## What you are asked to do
The response must consist of the lines below from the one with "Happy businesswoman celebrating" through the one with "Elliptical cross trainer", exactly as they appear and with both ends kept.

(Task inputs begins)

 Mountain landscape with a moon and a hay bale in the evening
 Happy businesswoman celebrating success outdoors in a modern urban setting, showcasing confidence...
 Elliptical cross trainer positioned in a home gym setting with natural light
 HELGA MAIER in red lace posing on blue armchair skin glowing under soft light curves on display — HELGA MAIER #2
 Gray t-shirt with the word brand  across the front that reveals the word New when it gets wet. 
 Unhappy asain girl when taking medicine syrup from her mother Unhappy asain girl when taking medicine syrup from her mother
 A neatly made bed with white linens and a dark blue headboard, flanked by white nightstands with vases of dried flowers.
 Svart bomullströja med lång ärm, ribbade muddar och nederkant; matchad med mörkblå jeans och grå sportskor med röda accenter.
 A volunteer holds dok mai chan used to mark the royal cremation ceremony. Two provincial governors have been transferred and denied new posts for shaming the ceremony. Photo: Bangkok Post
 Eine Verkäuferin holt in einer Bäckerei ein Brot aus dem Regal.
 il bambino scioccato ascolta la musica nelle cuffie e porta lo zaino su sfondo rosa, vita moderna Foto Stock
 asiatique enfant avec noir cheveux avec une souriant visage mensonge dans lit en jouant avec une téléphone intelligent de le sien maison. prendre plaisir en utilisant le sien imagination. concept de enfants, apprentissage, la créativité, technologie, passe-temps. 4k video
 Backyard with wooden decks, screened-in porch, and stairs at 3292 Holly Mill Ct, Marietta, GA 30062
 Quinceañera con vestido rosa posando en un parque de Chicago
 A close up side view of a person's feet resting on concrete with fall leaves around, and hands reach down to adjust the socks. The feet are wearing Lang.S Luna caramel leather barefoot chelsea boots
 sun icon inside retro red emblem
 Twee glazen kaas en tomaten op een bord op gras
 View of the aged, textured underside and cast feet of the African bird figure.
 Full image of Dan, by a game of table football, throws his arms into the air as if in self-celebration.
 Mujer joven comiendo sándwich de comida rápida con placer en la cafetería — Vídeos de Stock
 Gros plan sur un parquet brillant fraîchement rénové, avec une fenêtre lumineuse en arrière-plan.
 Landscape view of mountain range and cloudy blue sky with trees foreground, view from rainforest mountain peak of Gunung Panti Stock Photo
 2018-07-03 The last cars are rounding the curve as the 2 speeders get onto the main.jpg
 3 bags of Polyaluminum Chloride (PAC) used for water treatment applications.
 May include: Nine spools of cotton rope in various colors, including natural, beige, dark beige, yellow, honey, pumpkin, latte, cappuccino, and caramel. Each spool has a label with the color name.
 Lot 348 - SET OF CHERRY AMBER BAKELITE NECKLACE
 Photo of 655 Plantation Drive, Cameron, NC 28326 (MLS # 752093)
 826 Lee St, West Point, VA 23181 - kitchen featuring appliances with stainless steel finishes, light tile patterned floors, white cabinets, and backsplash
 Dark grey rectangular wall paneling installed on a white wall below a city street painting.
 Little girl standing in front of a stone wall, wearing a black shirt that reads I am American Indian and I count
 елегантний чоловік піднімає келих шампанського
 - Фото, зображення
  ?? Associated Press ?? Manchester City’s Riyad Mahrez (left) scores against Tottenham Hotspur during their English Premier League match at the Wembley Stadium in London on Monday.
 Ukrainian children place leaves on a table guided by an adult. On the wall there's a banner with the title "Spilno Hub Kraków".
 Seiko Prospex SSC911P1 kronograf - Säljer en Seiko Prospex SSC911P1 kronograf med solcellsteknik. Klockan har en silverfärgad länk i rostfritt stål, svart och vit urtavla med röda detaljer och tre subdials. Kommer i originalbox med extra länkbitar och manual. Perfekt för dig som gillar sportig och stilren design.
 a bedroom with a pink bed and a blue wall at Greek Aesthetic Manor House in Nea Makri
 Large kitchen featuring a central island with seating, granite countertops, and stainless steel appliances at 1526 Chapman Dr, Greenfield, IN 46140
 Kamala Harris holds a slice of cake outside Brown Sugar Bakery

(Task inputs ends)

## Solved exercise
 Happy businesswoman celebrating success outdoors in a modern urban setting, showcasing confidence...
 Elliptical cross trainer positioned in a home gym setting with natural light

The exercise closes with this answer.